In reality, he should've been called for a five-second call, which actually would've been a better alternative for the Panthers. He caught the inbounds pass with 11.8 seconds remaining and held onto it until there were 5.6 seconds left on the clock.

But the call, which at least would've allowed Northern Iowa to set its defense, wasn't made and Gilder picked it up after one bounce. He dribbled once, with Jesperson as the Panthers' last line of defense. Jesperson, now protecting just a two-point lead and having just given up a three-point play on a similar play, actually moved out of the way to ensure that he didn't foul Gilder, potentially setting up an Aggies win in regulation.

Gilder laid the ball in high – very high – off the glass and it dropped in.

Northern Iowa, which just two days earlier had dispatched the University of Texas on Jesperson's 50-foot prayer – the longest, game-winning buzzer-beater in the history of the NCAA men's basketball tournament – now had the chance to do the same to another flagship university in the Lonestar State, one that's about two hours northeast of Austin.

One more fortuitous heave would erase all of the live-ball turnovers and defensive lapses.

This time Jesperson was the inbounder. Washpun was the recipient. He turned and fired a shot from some 70 feet away from what would've been the world's greatest magic eraser. He hit the backboard, but his shot was too high, and the game, which was on pace for a double-digit defeat only breaths earlier, went to overtime.

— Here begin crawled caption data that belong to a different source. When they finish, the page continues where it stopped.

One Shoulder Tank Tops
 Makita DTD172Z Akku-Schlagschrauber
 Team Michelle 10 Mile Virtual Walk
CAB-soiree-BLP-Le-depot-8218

"OT in OKC," said Washburn, the play-by-play man.

The first overtime

Below, you can watch the game starting at the first overtime period.

Northern Iowa, which closed regulation on a remarkable 14-2 run, also scored the first three points of overtime on an old-fashioned three-point play from House. Neither team led by more than three points in the first overtime, with Texas A&M needing a two-handed runner in the lane from Caruso with 5.9 seconds left.

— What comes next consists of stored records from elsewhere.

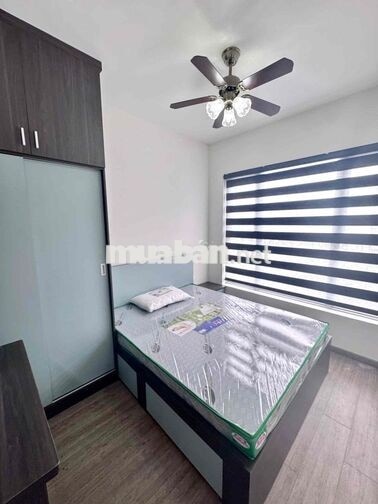 Chung cư Celesta Rise 3PN 105m2 nội khu cực kì cao cấp gần trung tâm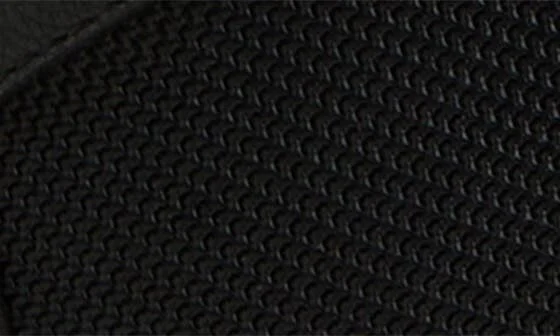 Ariano Sneaker - Image 8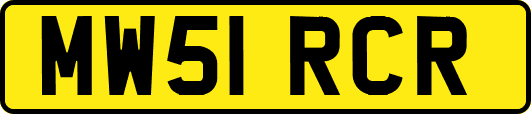 MW51RCR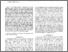 [thumbnail of Aging-Kraft-Fothergill.pdf]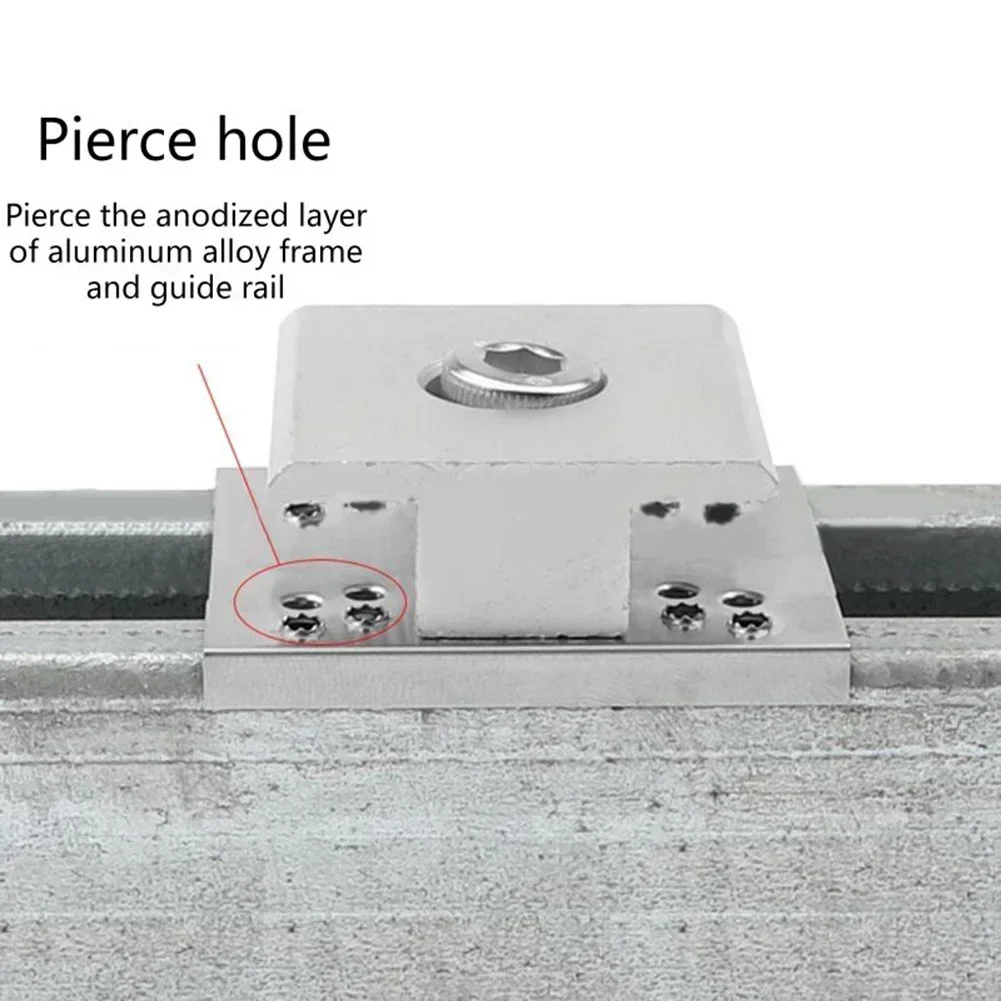 For Greenhouses For Rooftop Installations C-Shaped Steel Sheet Solar Projects Rugged Performance In Harsh Environments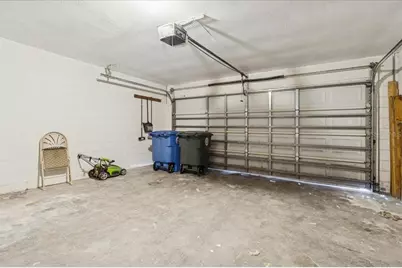 1860 Greenbrook Court, Oviedo, FL 32766 - Photo 37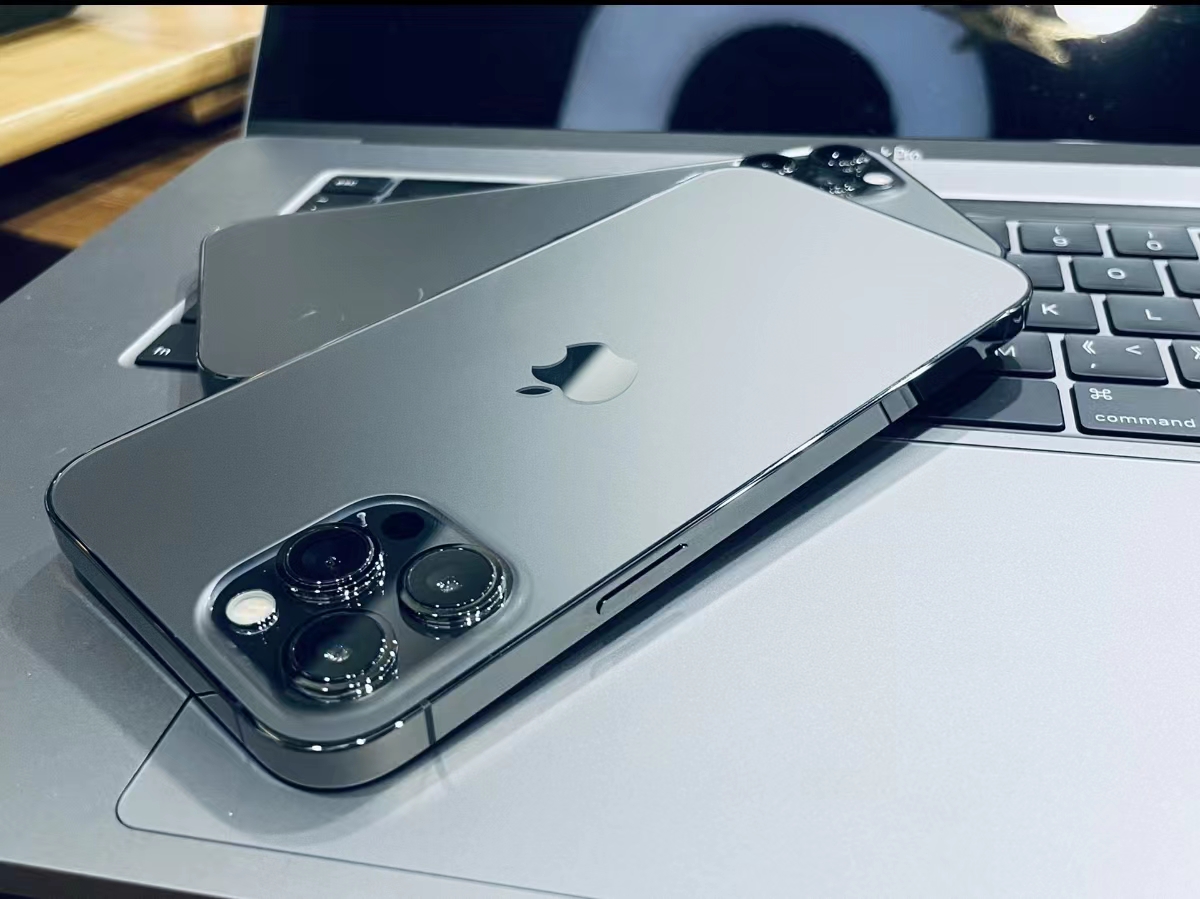 Low Price Wholesale Original Used Mobile Phones For Iphone 11 12 13 Pro Max 5g Smartphone Unlocked For Airpodes Pro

"Plenty of time," Gminski, the color analyst said. This time, Jesperson did receive the inbounds pass and he tried to see if you could pull two rabbits out of the same hat. With just over four seconds left in overtime – enough for maybe two more dribbles, or one pass and one dribble – he pulled up from very nearly the same spot of his shot that beat Texas.

"Jesperson, are you kidding me!?" said Blackburn. But Jesperson's shot was off the mark and there was actually enough time for Caruso to attempt a last-second heave of his own, which appeared to have the right trajectory, but it was short on length.

The teams went to a second overtime.

The second overtime

Texas A&M outscored Northern Iowa 9-5 in the second overtime, when perhaps the law of averages caught up to the once-powering Panthers. Give a more talented team, as defined by things like NBA careers and recruiting evaluations, more time, and odds are they'll be more likely to win.

No one scored for the first minute and 28 seconds of overtime, until Northern Iowa's Morgan made a free throw. Texas A&M then rattled off five points in a row. With about seven seconds left and Texas A&M up four, Morgan's 3-point attempt was off the mark, and the collapse was complete.

Texas A&M went down in the record book as the team that overcame the largest deficit with less than one minute remaining to win the game.